В дни войны орденом Славы награждался тот, кто, ворвавшись первым в расположение противника, личной храбростью содействовал успеху общего дела;
находясь в загоревшемся танке, продолжал выполнять боевую задачу;
в минуту опасности спас знамя своей части от захвата противником;
из личного оружия меткой стрельбой уничтожил от 10 до 50 солдат и офицеров противника;
в бою огнем противотанкового ружья вывел из строя не менее двух танков противника;
уничтожил ручными гранатами на поле боя или в тылу противника от одного до трех танков;
уничтожил огнем артиллерии или пулемета не менее трех самолетов противника;
презирая опасность, первым ворвался в дзот, дот, окоп или блиндаж противника, решительными действиями уничтожил его гарнизон;
в результате личной разведки установил слабые места обороны противника и вывел наши войска в его тыл;
лично захватил в плен вражеского офицера;
ночью снял сторожевой пост (дозор, секрет) противника или захватил его;
лично, с находчивостью и смелостью пробравшись к позиции противника, уничтожил его пулемет или миномет;
будучи в ночной вылазке, уничтожил склад противника с военным имуществом;
рискуя жизнью, спас в бою командира от угрожающей ему непосредственной опасности;
в бою захватил неприятельское знамя;
будучи ранен, после перевязки снова вернулся в строй;
и за другие подвиги, предусмотренные статутом.
В авиации орденом Славы награждались сержанты и младшие лейтенанты — летчики-истребители, летчики-штурмовики, экипажи дневных, легких ночных, дальних ночных бомбардировщиков и разведчиков за храбрые действия, также указанные в статуте.
«Кто смел, тот наперед поспел» — гласит старая русская солдатская пословица. Статут ордена Славы звал наших бойцов и сержантов к бесстрашию и полному овладению боевым мастерством.

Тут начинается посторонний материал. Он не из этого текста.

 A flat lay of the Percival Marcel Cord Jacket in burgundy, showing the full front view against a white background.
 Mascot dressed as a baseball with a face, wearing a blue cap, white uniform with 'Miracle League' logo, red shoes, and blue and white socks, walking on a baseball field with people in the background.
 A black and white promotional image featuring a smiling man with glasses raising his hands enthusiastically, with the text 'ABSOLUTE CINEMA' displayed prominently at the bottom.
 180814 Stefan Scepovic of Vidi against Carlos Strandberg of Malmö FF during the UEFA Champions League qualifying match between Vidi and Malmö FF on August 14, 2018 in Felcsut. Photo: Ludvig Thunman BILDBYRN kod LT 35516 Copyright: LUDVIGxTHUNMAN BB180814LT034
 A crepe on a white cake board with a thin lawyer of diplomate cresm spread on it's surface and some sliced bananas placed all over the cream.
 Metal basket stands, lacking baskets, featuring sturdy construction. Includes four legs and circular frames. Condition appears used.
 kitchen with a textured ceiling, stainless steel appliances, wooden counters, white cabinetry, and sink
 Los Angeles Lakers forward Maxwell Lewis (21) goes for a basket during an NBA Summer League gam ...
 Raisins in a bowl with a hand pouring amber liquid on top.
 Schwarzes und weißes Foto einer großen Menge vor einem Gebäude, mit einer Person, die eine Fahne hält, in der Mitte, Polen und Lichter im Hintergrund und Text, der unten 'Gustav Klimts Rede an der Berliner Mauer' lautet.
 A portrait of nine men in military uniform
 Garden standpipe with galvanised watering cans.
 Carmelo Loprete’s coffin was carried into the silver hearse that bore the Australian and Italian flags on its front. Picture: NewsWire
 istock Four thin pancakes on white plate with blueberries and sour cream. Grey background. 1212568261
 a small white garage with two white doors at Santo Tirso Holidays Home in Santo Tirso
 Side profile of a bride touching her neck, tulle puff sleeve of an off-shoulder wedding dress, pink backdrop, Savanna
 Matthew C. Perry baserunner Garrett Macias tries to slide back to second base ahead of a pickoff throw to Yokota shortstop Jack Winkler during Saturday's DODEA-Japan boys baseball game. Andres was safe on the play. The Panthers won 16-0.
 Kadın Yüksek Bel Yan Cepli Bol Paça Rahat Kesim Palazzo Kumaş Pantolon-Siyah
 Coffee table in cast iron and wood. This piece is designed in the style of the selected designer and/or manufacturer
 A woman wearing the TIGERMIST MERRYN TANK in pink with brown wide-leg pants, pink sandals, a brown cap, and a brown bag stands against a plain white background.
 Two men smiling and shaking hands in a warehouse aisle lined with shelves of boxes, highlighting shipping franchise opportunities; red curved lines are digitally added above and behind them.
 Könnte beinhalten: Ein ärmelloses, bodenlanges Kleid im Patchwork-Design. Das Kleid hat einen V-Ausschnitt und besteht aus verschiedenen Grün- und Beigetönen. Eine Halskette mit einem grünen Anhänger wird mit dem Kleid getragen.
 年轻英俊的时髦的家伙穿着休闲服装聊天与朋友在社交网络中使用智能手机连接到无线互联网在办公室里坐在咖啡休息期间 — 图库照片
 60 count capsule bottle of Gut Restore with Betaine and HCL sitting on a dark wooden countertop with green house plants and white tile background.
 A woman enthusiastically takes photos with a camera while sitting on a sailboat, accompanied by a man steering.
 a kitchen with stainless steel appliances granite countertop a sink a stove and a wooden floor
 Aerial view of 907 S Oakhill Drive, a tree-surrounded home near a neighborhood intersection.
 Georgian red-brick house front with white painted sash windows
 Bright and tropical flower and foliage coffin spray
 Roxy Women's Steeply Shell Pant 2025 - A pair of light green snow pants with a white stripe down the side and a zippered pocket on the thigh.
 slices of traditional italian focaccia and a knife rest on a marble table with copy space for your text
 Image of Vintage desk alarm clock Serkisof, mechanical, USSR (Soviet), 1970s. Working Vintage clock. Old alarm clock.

Собирал я материал о наградах — прошлых и настоящих — и думал: не вытянуть мне ни на одну из них. Конечно, речь и не шла о реальной награде, о ней я и не смел мечтать в то время. Думаю, что многие из нас, военных литераторов, испытывали чувство какой-то виноватости, что ли, — не найду подходящего слова, — перед пехотинцем, который постоянно, круглосуточно нес на себе все тяготы войны. Я просто прикидывал свое поведение на фронте: дескать, как оно, тянет ли хоть на какое-либо одобрение?
А когда прочел статут ордена Славы, то понял окончательно: нет, не светит мне ничего... На передовую мы, спецкоры, выезжали часто, бывали там и под огнем, и мало ли какие случайности происходят на дорогах, в ближнем тылу, под артналетом или авиабомбежкой, но все же в атаку не ходили.
Редко на чью-то долю выпадал такой жребий, когда надо было во что бы то ни стало заменить в бою убитого командира и вести в бой роту, батальон. Так поступили в трудную минуту жизни наши коллеги Сережа Борзенко, Леша Коробов... Но такое было делом исключительным. Нет, не светит мне!
Но настал срок, и в сорок втором я получил на грудь первую свою награду. Правда, не за действия на фронте. В конце того года летал я через линию фронта, выполнял задание командования. Вот за то и дали мне медаль «Партизану Отечественной войны». Потом пришли и другие награды. А медаль «За отвагу» я не получил. Не за что было ее получать.